Common-sense QA checklist

Question

Closed this issue 9 months ago · 4 comments

Output generation code that supports litellm checked into the repo
System outputs for OpenAI models checked in to the repo
Zeno visualization code checked into the repo
Zeno project shared on the slack and with the "Benchmarking Gemini" Zeno group.
Confirmation that the results using OpenAI models are reasonable and more-or-less match previous work
System outputs for Gemini (through Vertex AI) checked in to the repo and uploaded to the Zeno project
Overall numerical results added to the paper
Analysis is done of the results and text and examples are added to the paper
(Optional) Also created results for Mixtral (through Together)

Answer 1 · 2023-12-13T15:09:15.000Z

Should we include which model's results for GPT (gpt-4-1106-preview, gpt-3.5-turbo-1106, or gpt-3.5-turbo)?

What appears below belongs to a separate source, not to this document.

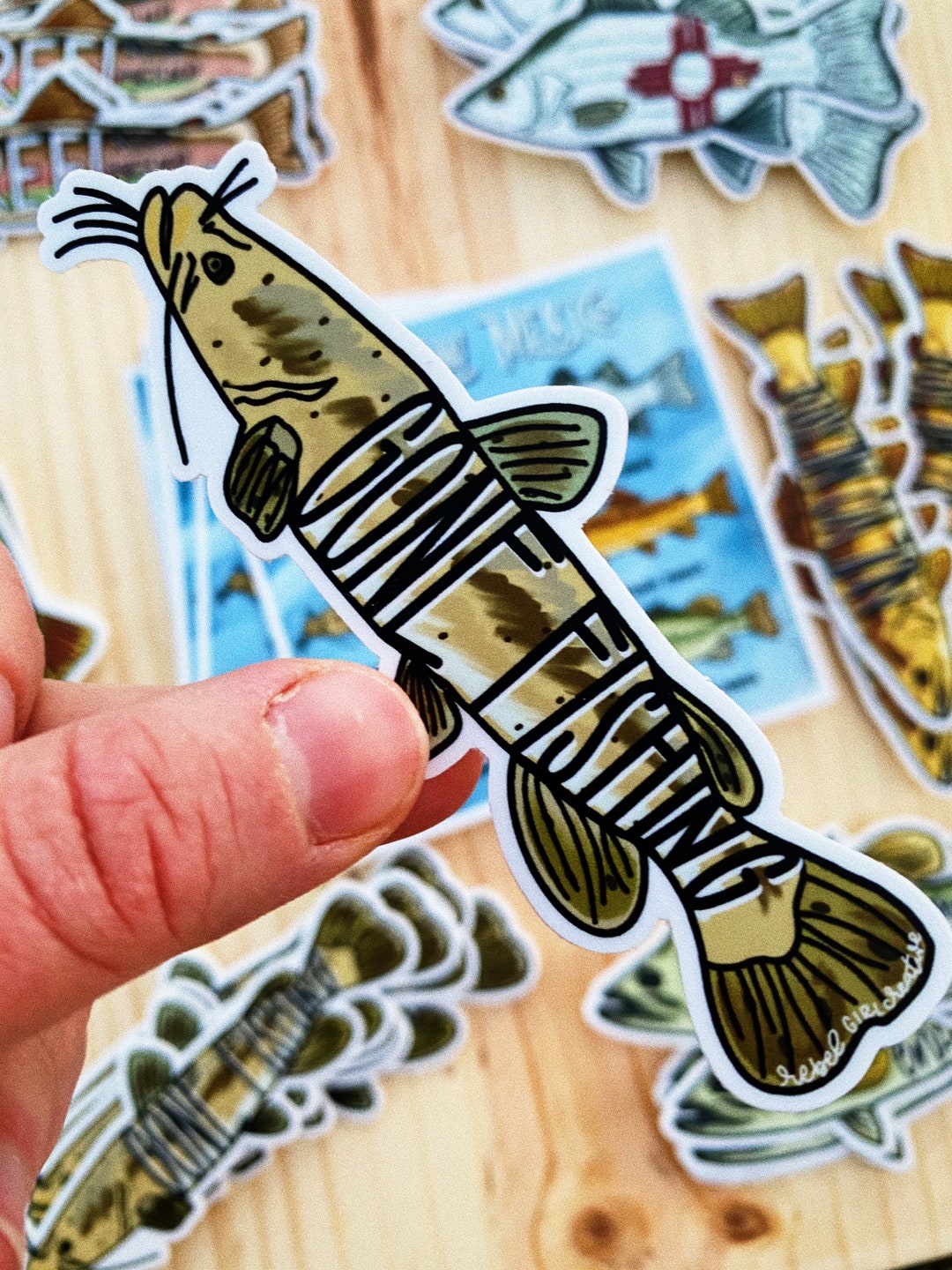 Flathead Catfish Gone Fishing Sticker - Etsy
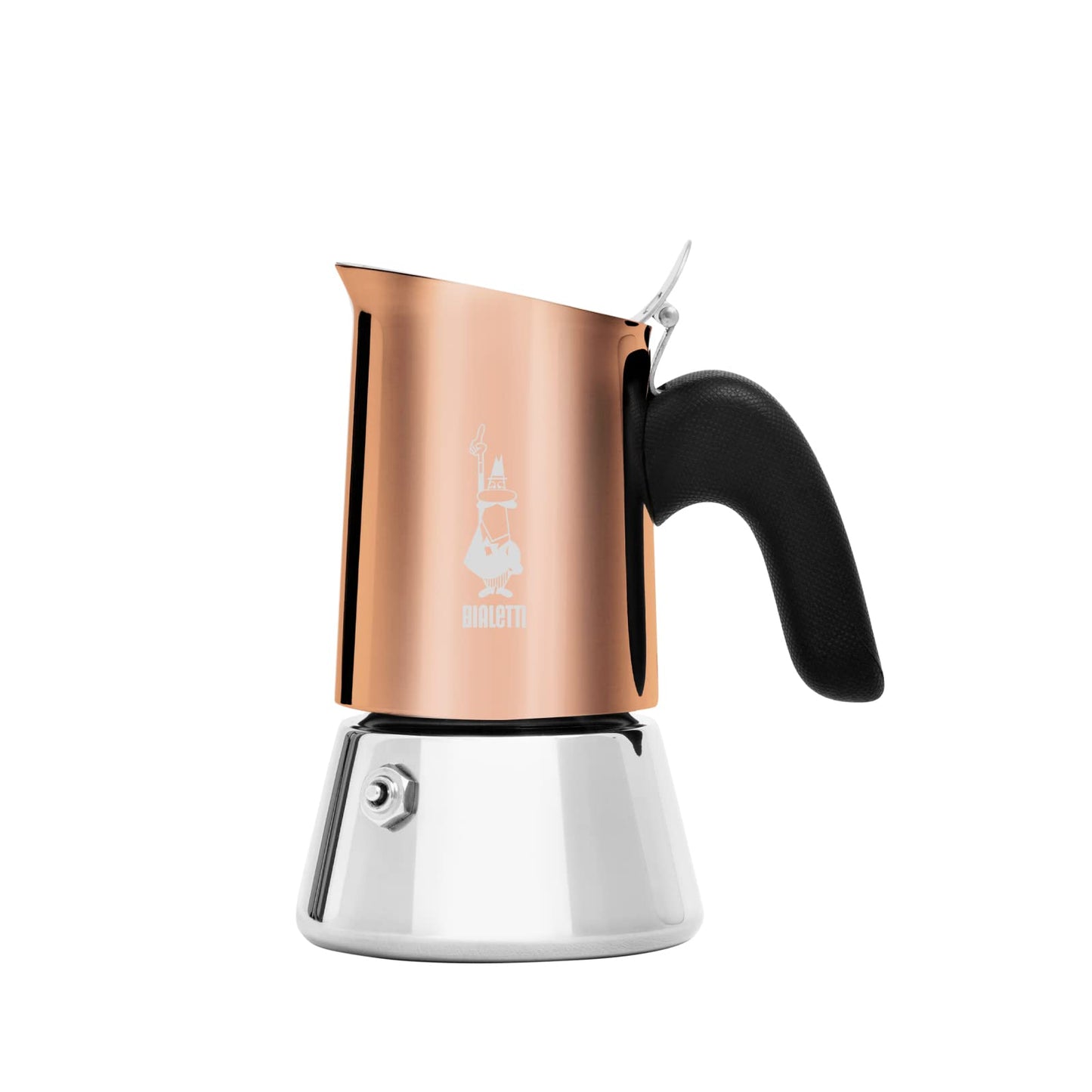 Bialetti - Neue italienische Espressomaschine Venus Induction aus Edelstahl, geeignet für alle Arten von Tellern, 4 Kaffeetassen (170 ml), Silber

Answer 2 · 2023-12-13T15:32:21.000Z

You can put the output files in individual folders like it's done for the math_reasoning problems currently.

Answer 3 · 2023-12-13T15:35:55.000Z

Yeah, I just want to confirm the models we choose to compare since evaluating each may require a lot of time/money.

Answer 4 · 2023-12-13T15:52:19.000Z

Ahh sorry misunderstood you. Probably something everyone should be aware of.